Now, with everything hanging in the balance, with my future so uncertain, it struck me as the only thing that made any sense. Bring her to Shambles. Pretend that I’ve been hiding our relationship from the public and family until I was certain. Tell him we’re engaged to be married but with no rush to plan the wedding. Let him see that I’m worth something to someone. And, if it does give him peace of mind after all, let him know that I’m going to be okay after he’s gone.

The idea was ridiculous and I knew it was a mistake the moment it came out of my mouth. I’ve had countless one-night stands and hook-ups and I wouldn’t have had that thought with any of them.

But the redhead is different. I know I don’t know her in the conventional way, but I know all the parts that count. I know that when she looks at me she doesn’t see some unstoppable rugby star. She sees something else, and even though I don’t know what that is, I know she likes it.

And I see a woman who has been ravaged and spit out by life. Dealing with a disability at such a young age couldn’t have been easy, and every perceived weakness she has, I just see someone who has had to turn inwards when life got too hard. I see someone who seems to be running to life for once, instead of away from it.

I’m not sure what that says about me. Perhaps I could learn a thing or two.

But you can’t, you eejit, I tell myself as I pull a bottle of beer from my fridge to help with the hangover. She’s gone. You scared her off. She couldn’t run out of this place fast enough.

It’s just as well. She’s just passing through. She’s got her own problems to deal with. Selfish and foolish of me to think I could rope her into mine.

The thoughts rattle around in my head as I take my first sip of beer and then I’m pondering if I can just keep drinking all day long so I don’t have to face anything, when there’s a knock at my door.

It’s not unusual to have neighbors drop by. I don’t really know any of them personally, but a lot of families ask for favors, like could I give some words of rugby encouragement to their son or would I say hello to someone’s die-hard Leinster fan grandpa. I put the beer away and sigh, gathering whatever strength I have to put on my game face that I wear to deal with the public, and open the door.

To my surprise it’s not a family but Valerie, with her sisters flanked on either side of her.

“Hi,” she says with her big blue eyes. I know only a few hours have passed since I last saw her, but to see her back when I thought I’d never see her again, to see her fresh-faced on my steps, with the white snow framing her crimson hair and her crimson hair framing her pale face, it’s like an angel has landed on my stoop by mistake.

“Hi.” I eye her sisters. They don’t seem like they’re here for sinister purposes, but you never know with girls. Though I was more or less an only child, our neighbors growing up had five girls and they made it their mission to torture me.

“Hi,” the actress one says, sticking out her hand. “We never officially met. My name is Sandra.”

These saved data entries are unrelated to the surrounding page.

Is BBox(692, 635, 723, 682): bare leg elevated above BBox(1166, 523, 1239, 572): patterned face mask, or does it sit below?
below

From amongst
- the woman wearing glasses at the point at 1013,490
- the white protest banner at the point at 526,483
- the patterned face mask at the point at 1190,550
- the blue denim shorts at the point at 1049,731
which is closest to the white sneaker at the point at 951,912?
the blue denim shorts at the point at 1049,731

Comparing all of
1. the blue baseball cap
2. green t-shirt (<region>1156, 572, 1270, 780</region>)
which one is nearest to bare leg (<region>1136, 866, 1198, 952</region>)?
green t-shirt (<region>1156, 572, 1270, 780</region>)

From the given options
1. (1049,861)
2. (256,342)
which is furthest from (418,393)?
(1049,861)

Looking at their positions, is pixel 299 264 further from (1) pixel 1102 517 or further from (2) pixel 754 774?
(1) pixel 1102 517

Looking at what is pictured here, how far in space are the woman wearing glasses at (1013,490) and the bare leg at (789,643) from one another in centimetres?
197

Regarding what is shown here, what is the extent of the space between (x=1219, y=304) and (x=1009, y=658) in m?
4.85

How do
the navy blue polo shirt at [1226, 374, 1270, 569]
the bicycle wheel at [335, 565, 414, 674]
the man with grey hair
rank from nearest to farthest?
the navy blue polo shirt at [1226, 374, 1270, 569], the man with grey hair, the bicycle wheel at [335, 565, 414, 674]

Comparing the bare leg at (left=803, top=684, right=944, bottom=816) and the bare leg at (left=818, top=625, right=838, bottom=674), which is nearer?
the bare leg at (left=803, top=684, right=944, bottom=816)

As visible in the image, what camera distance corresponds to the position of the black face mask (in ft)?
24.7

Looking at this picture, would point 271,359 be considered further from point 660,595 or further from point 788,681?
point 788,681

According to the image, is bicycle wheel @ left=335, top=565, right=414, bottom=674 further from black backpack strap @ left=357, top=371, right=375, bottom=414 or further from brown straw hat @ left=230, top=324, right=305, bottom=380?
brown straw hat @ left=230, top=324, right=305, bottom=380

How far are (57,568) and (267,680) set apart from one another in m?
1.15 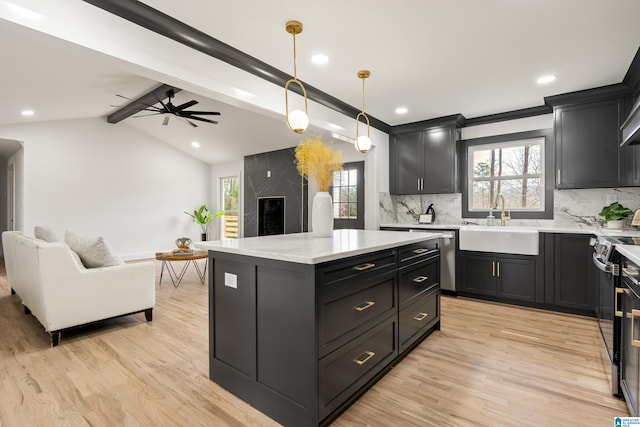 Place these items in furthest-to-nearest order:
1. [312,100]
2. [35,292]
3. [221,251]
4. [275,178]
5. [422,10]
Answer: [275,178] < [312,100] < [35,292] < [422,10] < [221,251]

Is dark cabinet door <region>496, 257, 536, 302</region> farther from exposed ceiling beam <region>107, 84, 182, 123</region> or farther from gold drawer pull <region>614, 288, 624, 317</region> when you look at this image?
exposed ceiling beam <region>107, 84, 182, 123</region>

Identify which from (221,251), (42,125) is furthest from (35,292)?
(42,125)

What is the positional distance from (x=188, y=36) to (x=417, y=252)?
8.09 ft

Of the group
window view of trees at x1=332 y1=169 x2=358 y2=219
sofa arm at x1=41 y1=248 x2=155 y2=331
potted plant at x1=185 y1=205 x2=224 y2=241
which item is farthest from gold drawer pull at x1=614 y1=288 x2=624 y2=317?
potted plant at x1=185 y1=205 x2=224 y2=241

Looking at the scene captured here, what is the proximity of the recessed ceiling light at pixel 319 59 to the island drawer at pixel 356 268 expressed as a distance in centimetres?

“Hi Sandra,” I tell her, giving her hand a firm squeeze, impressed at the strength of her handshake. Very professional. “Nice to meet you. What can I, uh, do for you all?”

“Your accent is amazing,” Sandra says, gushing. “So maybe just keep talking.”

Valerie clears her throat and steps forward. “I didn’t have your phone number and I wanted to talk to you, so I had a taxi drive us around until I recognized your place.”

I raise my brows. That’s the last thing I thought she would have done.

“It didn’t take too long,” Sandra says. “The driver knew where you lived anyway.”

“Say what?” That’s concerning.

“Don’t worry,” she says. “I’m sure he’s cool. Can we come inside?”